Dan Mazier Conservative Dauphin—Swan River—Neepawa, MB

I guess at this point I'd like to introduce a motion. I move that:

The committee report to the House that the Federal Court of Canada has overturned the Liberal Government’s cabinet order banning plastics, declaring the order, “unreasonable and unconstitutional”, and “invalid and unlawful”, that the committee urge the Liberal Government to act in accordance with Canadian law, and no longer introduce legislation and Cabinet Orders that contravene Canada’s laws and constitution.

Mr. Chair, I'm very surprised that this matter has not been raised at the environment committee yet, which is why I'm raising it today.

The Federal Court of Canada has deemed this Liberal government's plastic ban “unreasonable and unconstitutional”. Those are the exact words from the court. This is the second time in nearly a month that the courts have ruled that the Liberal government's environmental policies are unconstitutional. Last month the Supreme Court of Canada ruled that the Liberals' “no more pipelines” bill, Bill C-69, was unconstitutional, and now we know that Minister Guilbeault's plastic ban is also unconstitutional. I wish he would just quit hiding from this committee so that we could ask him some quick questions on his failed policies, but he keeps hiding from Canadians.

It's been over 240 days since this minister has testified at committee.

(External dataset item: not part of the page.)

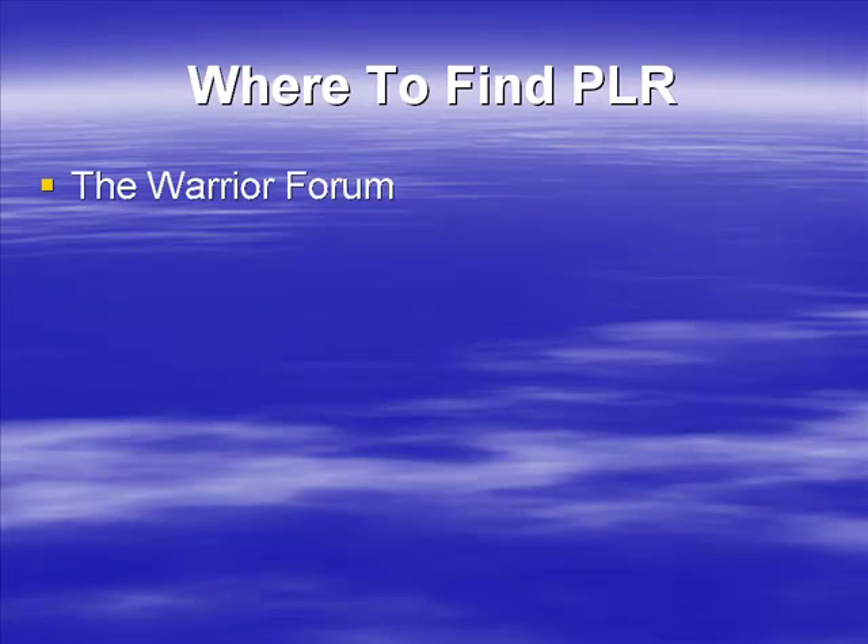Finding good quality PLR is a major issue. There are lots of places selling it, but not all of it is very good. In this slide and the next couple of videos, we're going to show you some of the best places to find private label rights products. The first is one of my favorites — it's called the Warrior Forum, at warriorforum.com. We will demonstrate this in a minute.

He has been embarrassed by these court rulings, but Canadians deserve answers. I expect that the Liberals and the NDP will once again block this motion and continue on, but the Conservatives believe the government needs to quit introducing legislation that contravenes the laws and the Constitution.

I hope we can vote quickly on this matter and move forward with our study.

Foreign Affairs and International DevelopmentCommittees of the HouseRoutine Proceedings

November 22nd, 2023 / 6:40 p.m.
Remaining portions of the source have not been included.